WORK ORDER:
Pictures in the material below are to be left out, and only the lines from the line with "Hey guys, coming" up to and including the line with "What would I" are to be written out exactly.

RAW DATA:

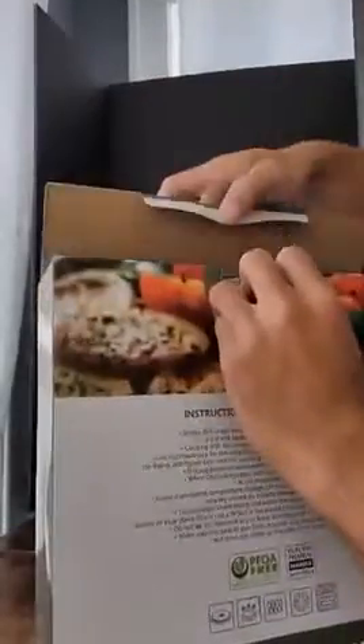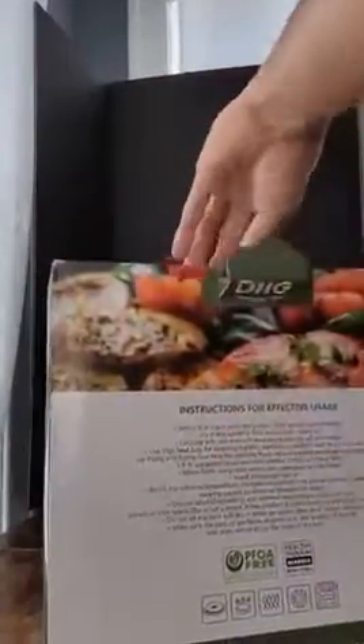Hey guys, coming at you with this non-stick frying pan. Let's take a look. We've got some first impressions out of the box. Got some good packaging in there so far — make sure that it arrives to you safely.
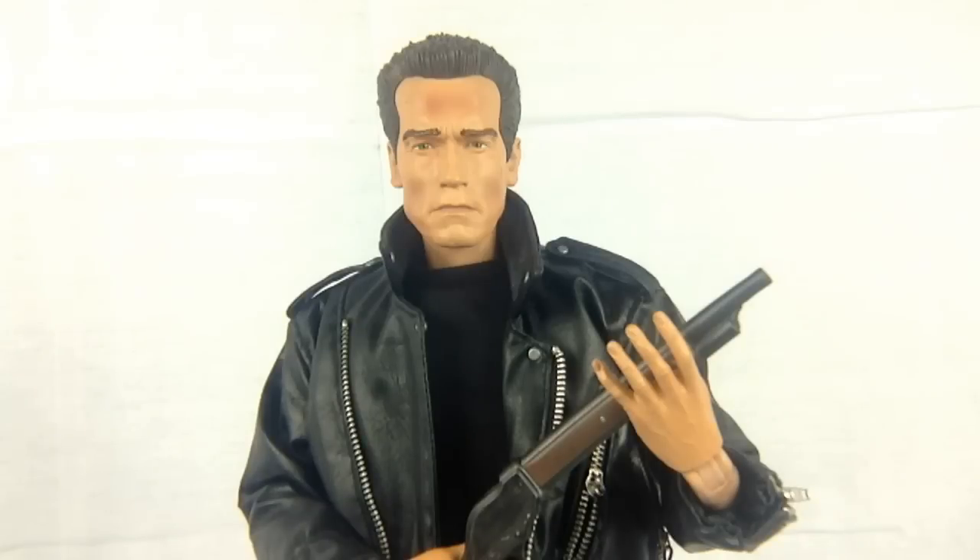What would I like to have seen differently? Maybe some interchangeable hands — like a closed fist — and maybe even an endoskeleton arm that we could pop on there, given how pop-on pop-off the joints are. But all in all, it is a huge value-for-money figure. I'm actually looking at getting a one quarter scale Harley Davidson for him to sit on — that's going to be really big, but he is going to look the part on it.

* * *

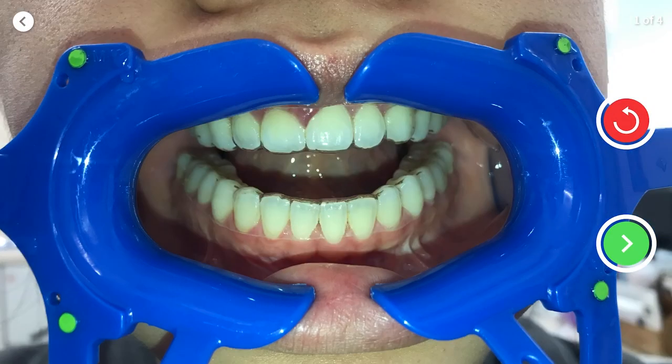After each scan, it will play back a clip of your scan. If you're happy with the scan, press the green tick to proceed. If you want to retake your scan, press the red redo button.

RESPONSE AREA:
Hey guys, coming at you with this non-stick frying pan. Let's take a look. We've got some first impressions out of the box. Got some good packaging in there so far — make sure that it arrives to you safely.
What would I like to have seen differently? Maybe some interchangeable hands — like a closed fist — and maybe even an endoskeleton arm that we could pop on there, given how pop-on pop-off the joints are. But all in all, it is a huge value-for-money figure. I'm actually looking at getting a one quarter scale Harley Davidson for him to sit on — that's going to be really big, but he is going to look the part on it.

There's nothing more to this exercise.